Keith Davis, principal and research analyst at Farr, Miller & Washington, said the agency's new responsibilities necessitate funds, despite black marks like the SEC's failure to stop Bernard Madoff's estimated $65 billion Ponzi scheme.

The fact that they're already underfunded and consistently miss things like Madoff and others suggest that more resources should probably be devoted to them, Davis said.

Then again, a good chunk of additional funds is going to issues such as consumer protection and pay reform, which distracts the SEC from its core business, said Gary Townsend, chief executive of Hill-Townsend Capital, in Chevy Chase, Maryland.

If we are forcing regulators to utilize resources on things that are not as important as safety and soundness and the safety of markets, then we're wasting taxpayers' money.

More details on the Republican fiscal hawks' goals may come soon. House Republicans are expected next week, likely on Thursday, to unveil specific proposals for funding the SEC and the Commodity Futures Trading Commission.

DODD-FRANK TARGETED

The Volcker rule aimed at curbing risky bank trading and new limits on the derivatives market are being targeted for review by House of Representatives Republicans, according to a draft oversight plan obtained this week.

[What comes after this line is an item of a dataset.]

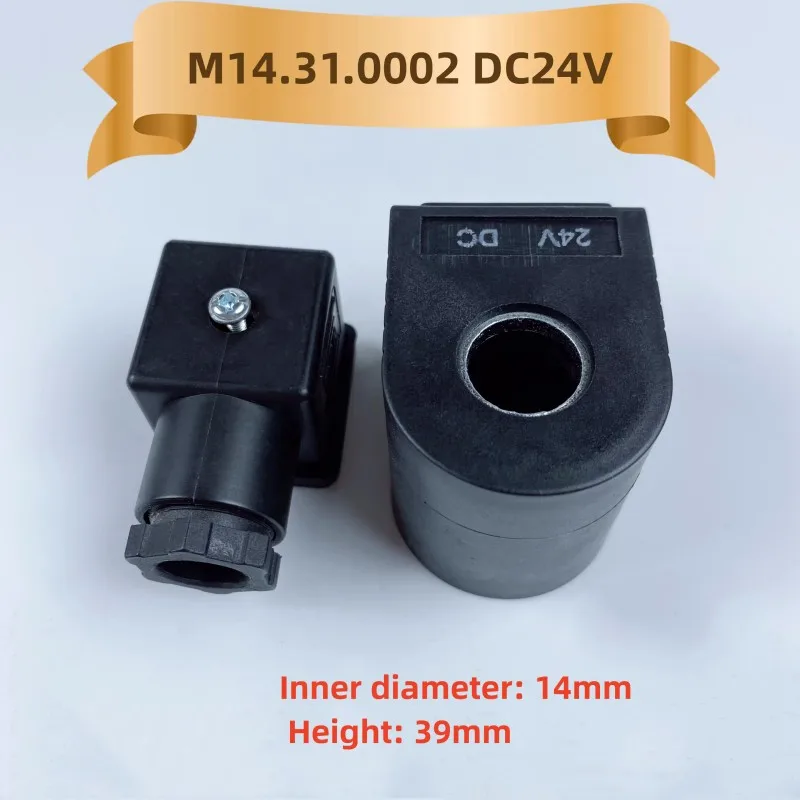 Electromagnetic Valve Coil Inner Diameter 14mm Height 39mm. M14.31.0001 for DC 12V, M14.31.0002 for DC 24V.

The SEC's budget will also be examined, the document showed, by the House Financial Services Committee, which is now chaired by Representative Spencer Bachus.

House Capital Markets Subcommittee Chairman Scott Garrett told Reuters last week that budget restraint is just one way Republicans are trying to throttle parts of Dodd-Frank.

Unlike the Federal Deposit Insurance Corp and the Federal Reserve, both important regulators, the SEC has to ask Congress each year for its budget. The FDIC and the Fed pay for their own operations through fees they assess.

The SEC assesses fees, too, totaling more than enough to cover its budget. But the commission's fee income goes into the general revenue coffers.

Congress must adequately fund the SEC or let the agency fund itself, SEC Commissioner Elisse Walter, a Democrat, said at the conference. Cutting or freezing the commission's budget ... especially when the SEC generates enough revenue through transaction and registration fees to fund itself, puts markets and investors at risk, she said.

Thomas Sporkin, chief of the SEC's Office of Market Intelligence, did note, however, that the agency is already reaping enforcement benefits from the reform law, which gives whistleblowers a payout for tips that yield penalties.

The number of high value tips on fraud and other violations of securities law numbered about two dozen a year before the law. Since July, the agency has been receiving about one a day, Sporkin said at the annual conference.

Commissioner Luis Aguilar called for stiffer sanctions against companies that violate securities laws and suggested the agency consider forcing defendants to admit wrongdoing in settlements.